I profess to a love of watching and listening to birds. I enjoy studying their behaviors and identifying the different species I see throughout the year, marking the seasons by their migrations, and seeing the next generation take flight. Observing the natural world offers therapeutic relief from the stresses of the human world and replenishes my spirit.
I’m not a The Big Year type of birder, spending countless dollars and vacation days jetting off to bird hubs just to get a glimpse of different species (this would only add to those human stress factors). I hang feeders in my yard with various types of bird favorites and watch them come and go. I listen to the cardinals, goldfinches, sparrows and blue jays as they swoop in and out for lunch or extended snacks. I drive around the lake looking for ducks, eagles, and sandpipers or along county roads looking for hawks, turkeys, and meadowlarks.
When I’ve seen all I can see from my car and when the weather warms to a reasonable temperature, I take more deliberate outings walking the streamway trails and footpaths that make up the recreation system in our county. Away from noisy roadways and the congestion of people, birds are abundant. With my binoculars or camera in hand (I can’t carry both at the same time), I can spy the smaller varieties of feathered critters hiding among the trees and prairie grasses. With over 250 species coming through or residing in Eastern Kansas, I find a few new species each year that I haven’t seen before.

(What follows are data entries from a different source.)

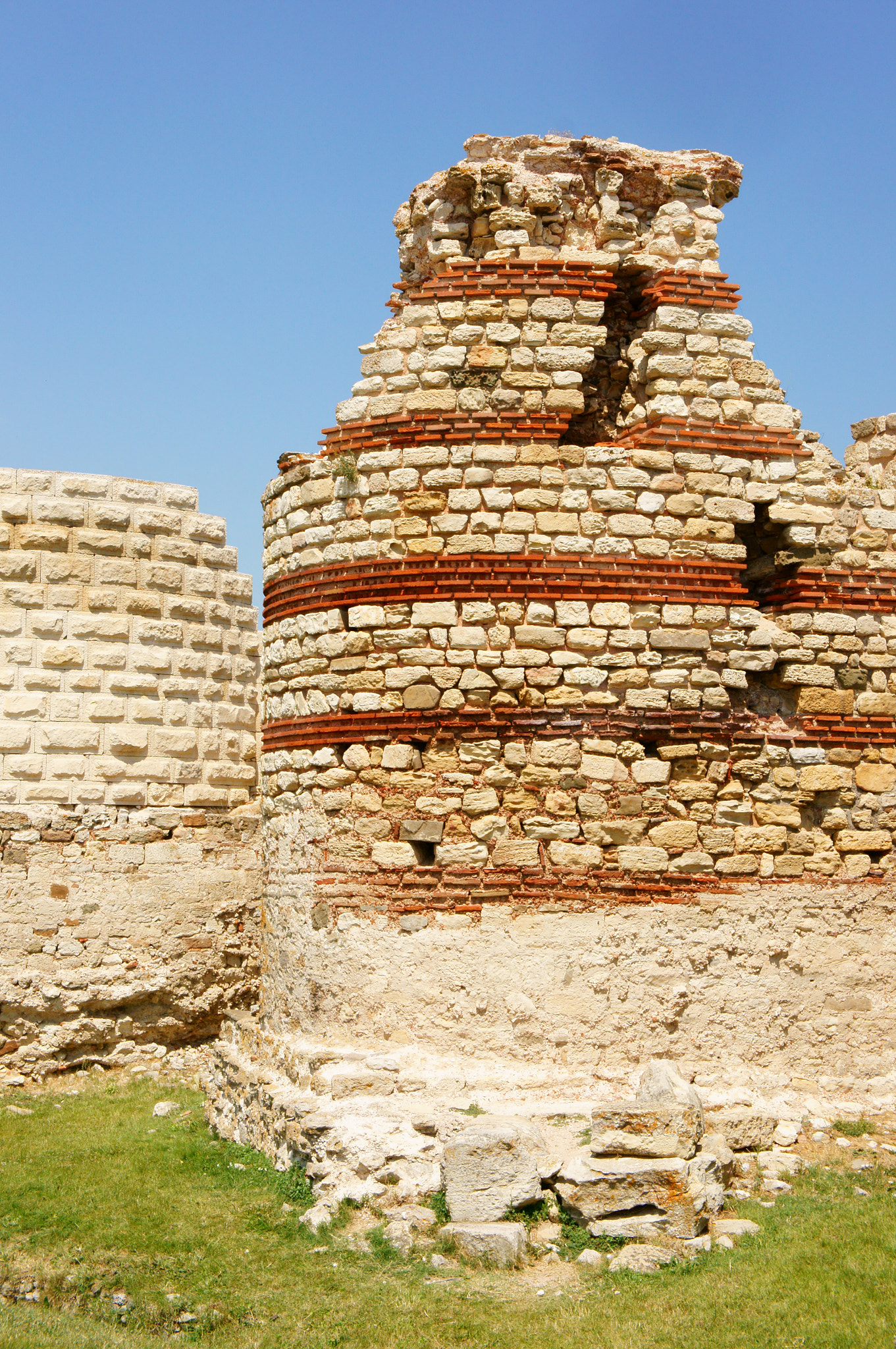 Sony E 18-55mm F3.5-5.6 OSS sample photo. Ancient fortress photography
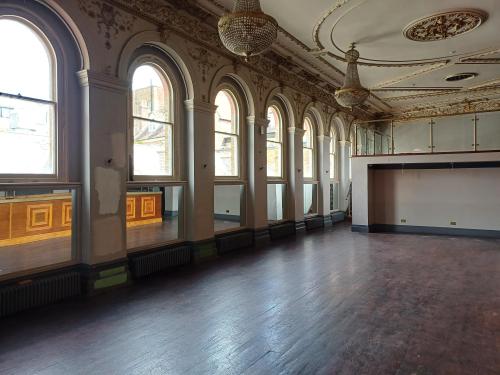 Unit 7, The Griffin Arcade, Market Place, Kingston upon Thames, KT1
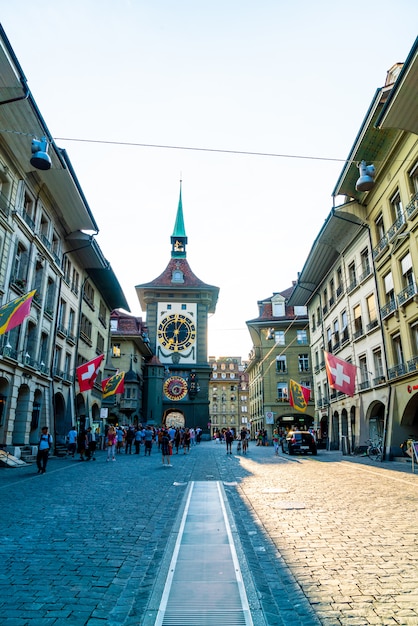 Persone sul viale dello shopping con la torre dell'orologio astronomico Zytglogge di Berna in Svizzera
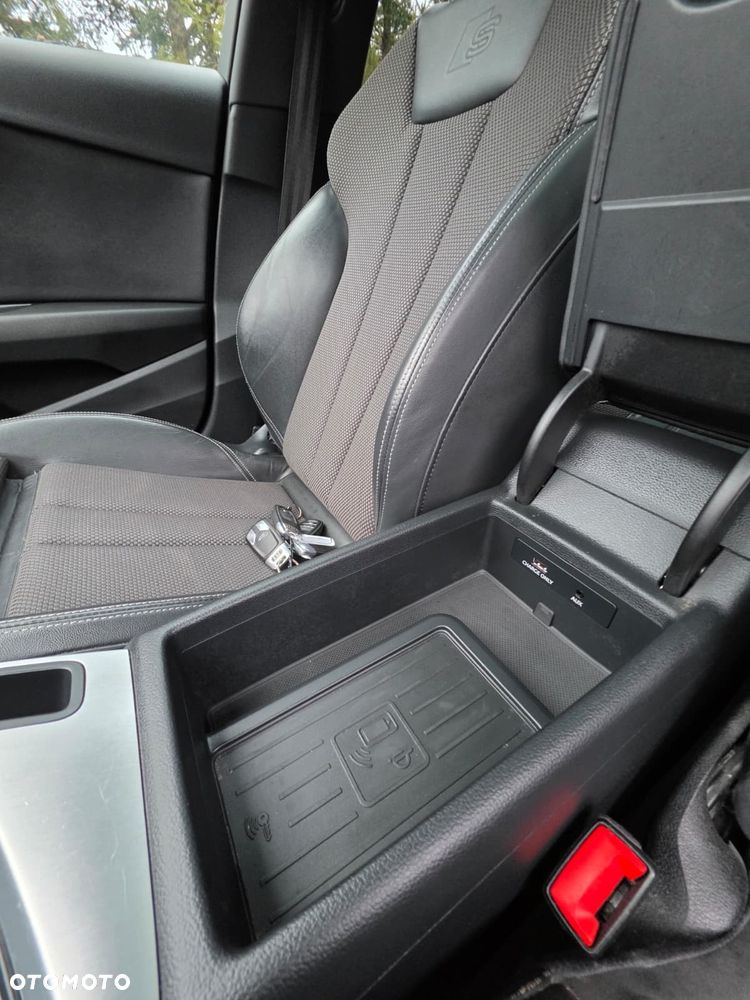 Audi A4 Avant 2.0 TDI ultra S tronic sport - 30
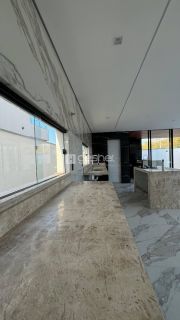CASA DUPLEX DE ESQUINA NA CIDADE ALPHA
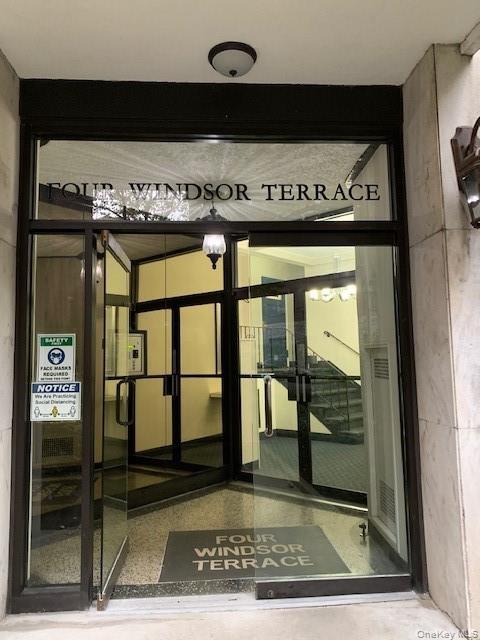 Building Photo - 4 Windsor Terrace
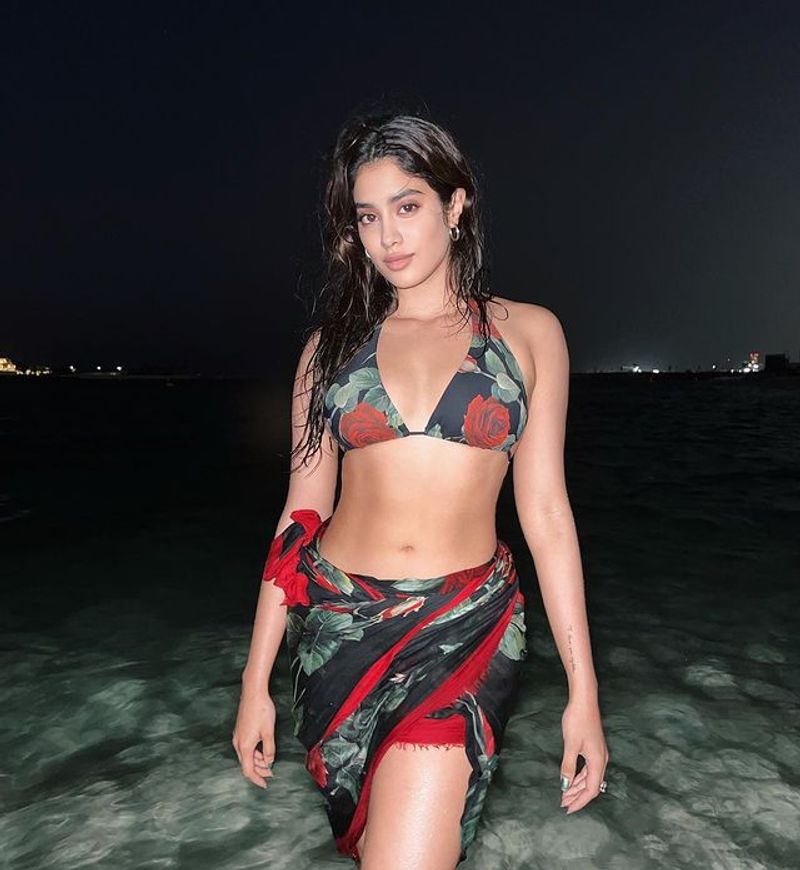 Janhvi Kapoor mind blowing hot in bikini photos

For birds outside my local area, I catch them on trips I’ve already planned for the family. Driving east or west, I may be able to spot hawks and songbirds along fences and at rest stops. Since we’ll be heading to Maine this month, I’m looking forward to finding some particular species I’ll never see in Kansas, such as puffins and storm-petrels.
I’ve been lucky this year to capture some of my observations with my camera, including the ever-elusive pileated woodpecker who swooped onto a utility pole while I just happened to be nearby. Birders know how exciting it can be to finally spot the one bird you’ve been looking for!
So far this year, I have over 70 birds on my yearly list, including several new varieties. And exciting as it is to find those new ones and the old favorites, the true joy of bird watching is just knowing they are out there and taking the time to listening to the natural chorus they sing.